Requirement: Please begin with the line containing "this 1024×768 image." and reproduce each line exactly until the records below end, without any pictures.

**** Data for this task

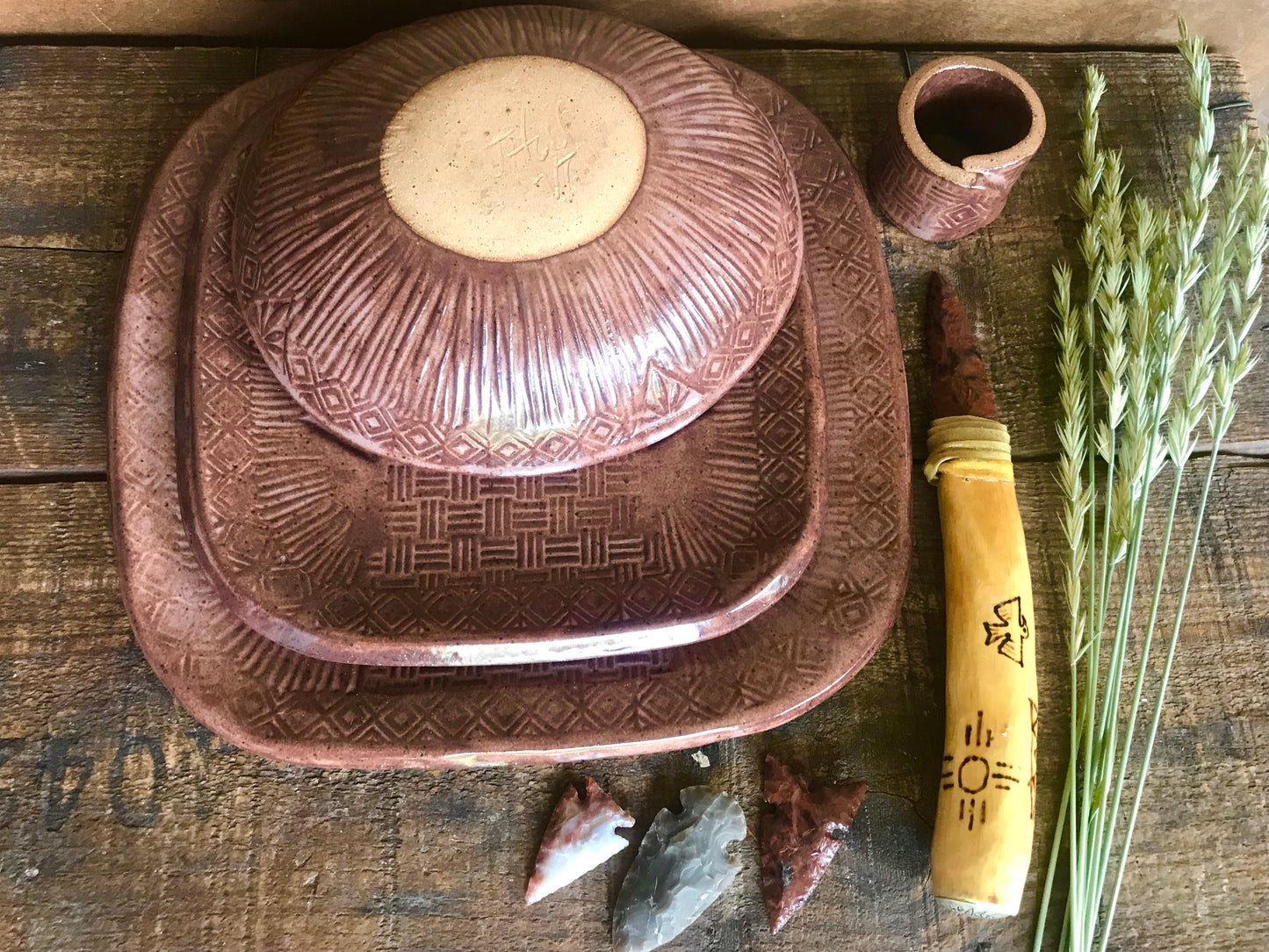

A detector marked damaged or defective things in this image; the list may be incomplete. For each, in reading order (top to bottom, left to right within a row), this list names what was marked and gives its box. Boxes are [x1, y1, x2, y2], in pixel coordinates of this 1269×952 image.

burned symbol on handle [984, 596, 1025, 670]
burned symbol on handle [944, 710, 1020, 833]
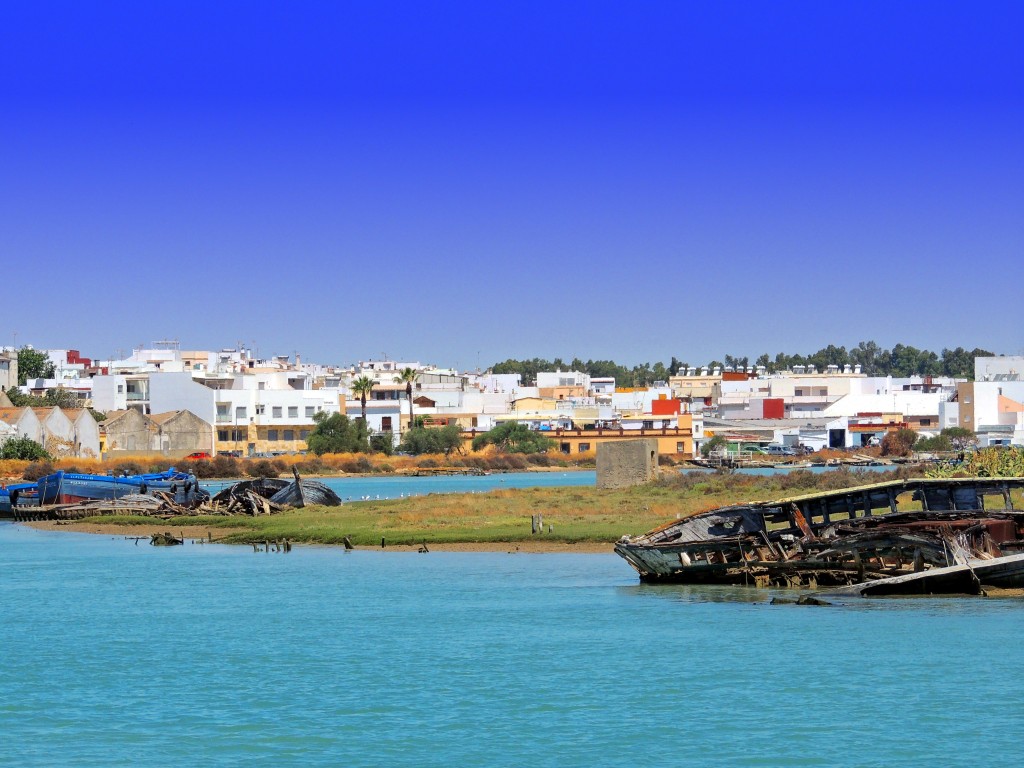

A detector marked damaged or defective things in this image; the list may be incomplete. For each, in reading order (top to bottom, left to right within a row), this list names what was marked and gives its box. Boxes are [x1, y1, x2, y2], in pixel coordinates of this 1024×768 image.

rusty shipwreck hull [614, 479, 1024, 593]
wrecked boat hull [614, 479, 1024, 598]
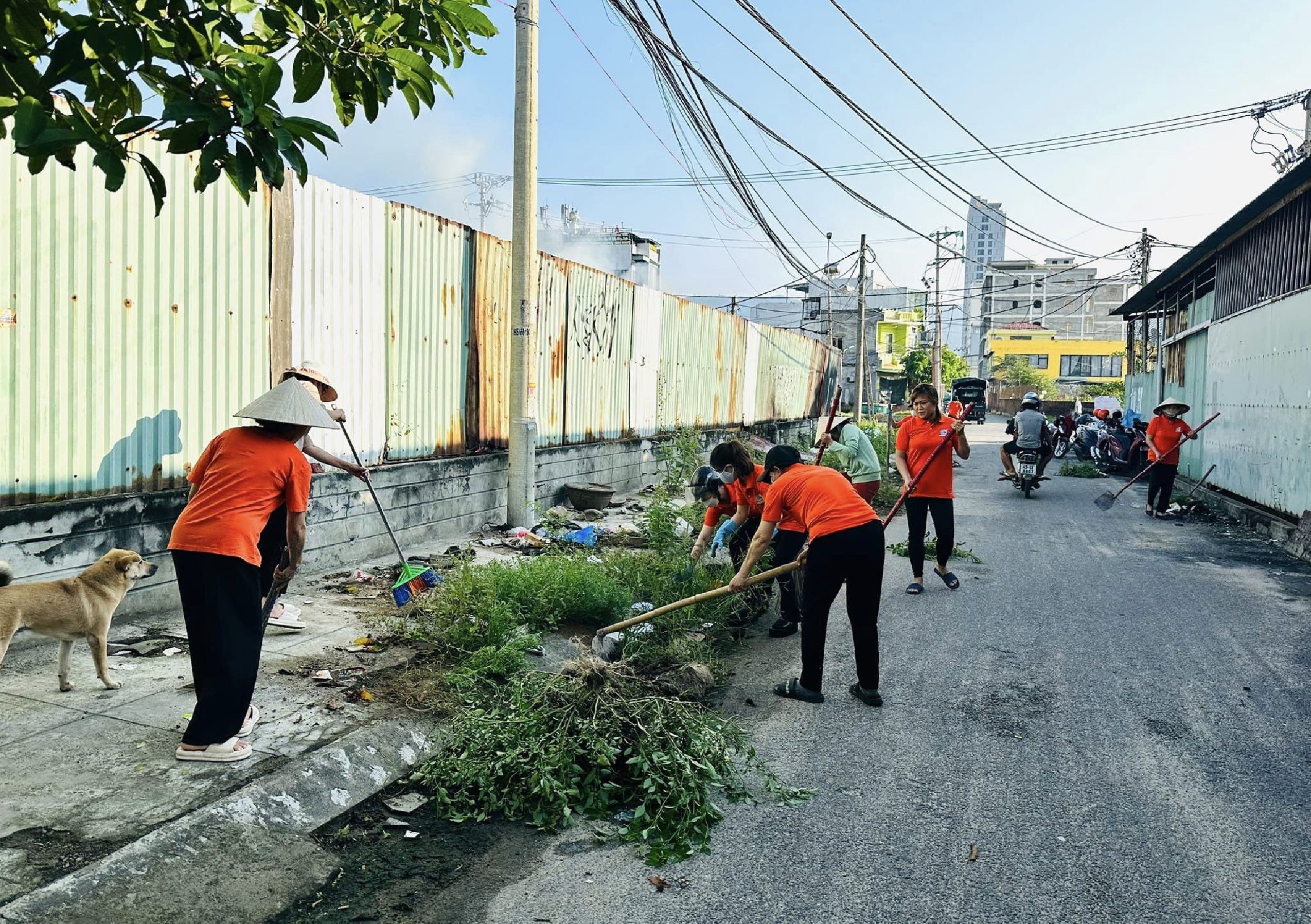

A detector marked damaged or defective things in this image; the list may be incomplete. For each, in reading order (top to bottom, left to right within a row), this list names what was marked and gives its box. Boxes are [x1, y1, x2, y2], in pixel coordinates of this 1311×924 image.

rusty metal sheet [0, 137, 269, 508]
rusty metal sheet [291, 174, 385, 461]
rusty metal sheet [383, 203, 469, 458]
rusty metal sheet [535, 254, 571, 446]
rusty metal sheet [566, 263, 637, 443]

********

Solution below:
A detector marked damaged or defective things in this image; the list may be incomplete. For each, in reading order (top to bottom, left to right within a row), this list names what was marked and gives its box. Boxes are [x1, y1, x2, y2], in pixel coordinates of this 1024×768 image.

rusty shipwreck hull [614, 479, 1024, 593]
wrecked boat hull [614, 479, 1024, 598]

A detector marked damaged or defective things in this image; the list may be incomplete. For each, in reading order (top to bottom, left to right within a row), this list names what was marked and gives its box. Boxes are [x1, y1, x2, y2], in pixel coordinates of this 1311×924 image.

rusty metal sheet [0, 137, 269, 508]
rusty metal sheet [291, 174, 385, 461]
rusty metal sheet [383, 203, 469, 458]
rusty metal sheet [535, 254, 571, 446]
rusty metal sheet [566, 263, 637, 443]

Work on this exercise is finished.